The Rise of Eclectic Psalmody

Last week I spent some amazing time up in Grand Rapids, MI creatively assaulting the Psalms.  I was participating in a colloquium on Congregational Song and Psalmody, a gathering spurred on in part by a new psalter being jointly published in 2011 by the Reformed Church in America (RCA) and the Christian Reformed Church (CRC).   The Calvin Institute of Christian Worship (CICW) hosted the event and invited an eclectic band of congregational song leaders, hymnal editors, and songwriters to participate, representing the spectrum of christian experience and practice.

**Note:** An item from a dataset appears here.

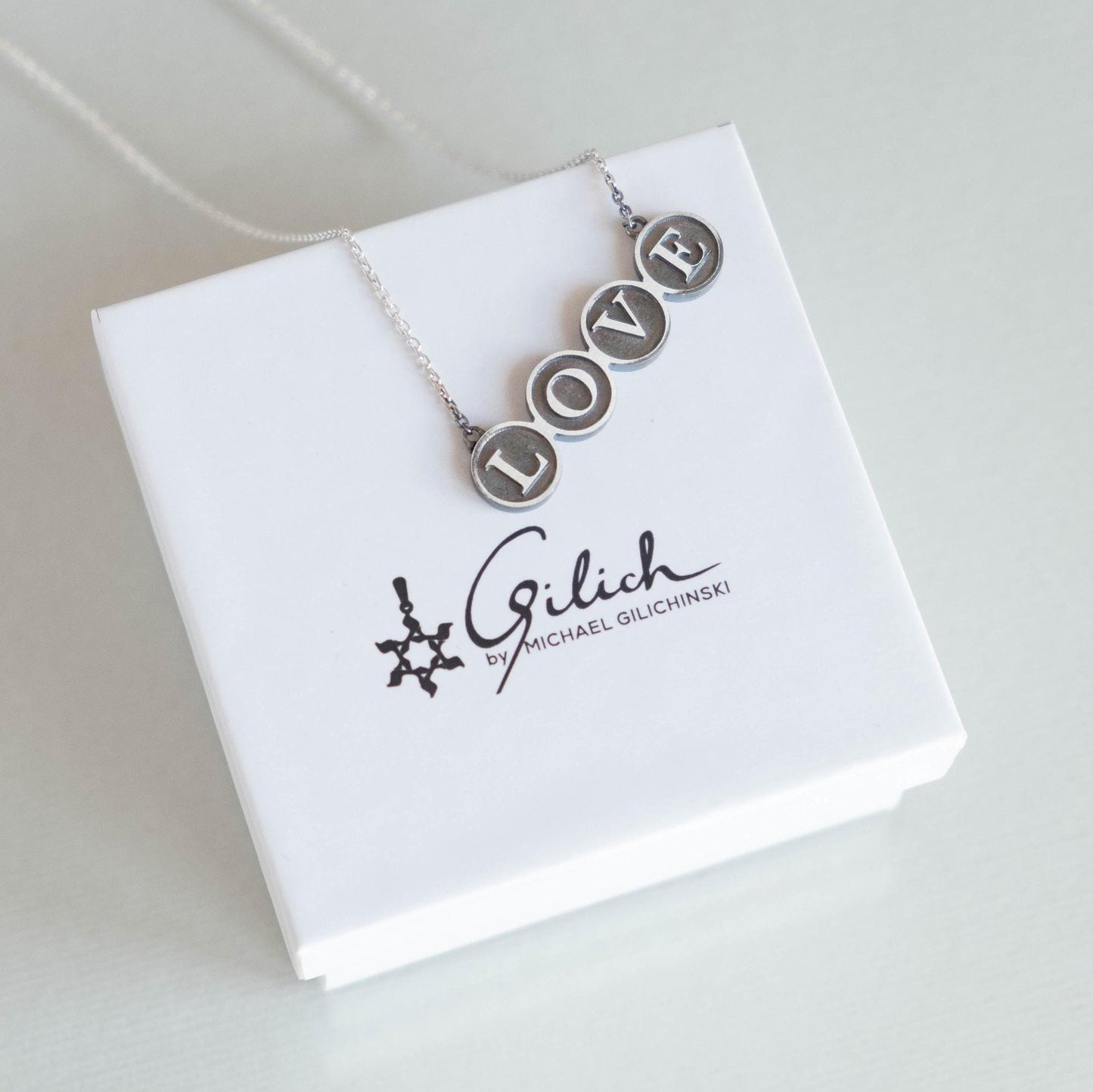 Ahava Hebrew Necklace - Love Silver Pendant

The guiding question for our time was this:

How can we most faithfully, evocatively, and artistically invite congregations to sing, speak, and pray the biblical psalms, especially in light of all that Biblical scholars are teaching us about these amazing texts?

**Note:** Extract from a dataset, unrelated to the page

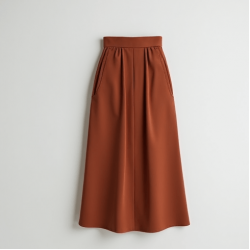 Women's Simple High Waist Midi Skirt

John Witvliet, director of the CICW, led us through three days of reading, singing, praying, chanting, yelling, and meditating on the Psalms with the end goal of experiencing a richer form of Psalmody which reflected new insights sensitive to the diverse literary forms present in the book of psalms.

(Make sure and pick up a copy of John’s new book “The Biblical Psalms in Christian Worship”  This is the best book out there on helping congregations from all corners figure out how to incorporate more psalms in worship.)

Here are a few highlights.

1. The Psalms are full of distinct literary dimensions which either get ignored or trampled in our treatment of them musically.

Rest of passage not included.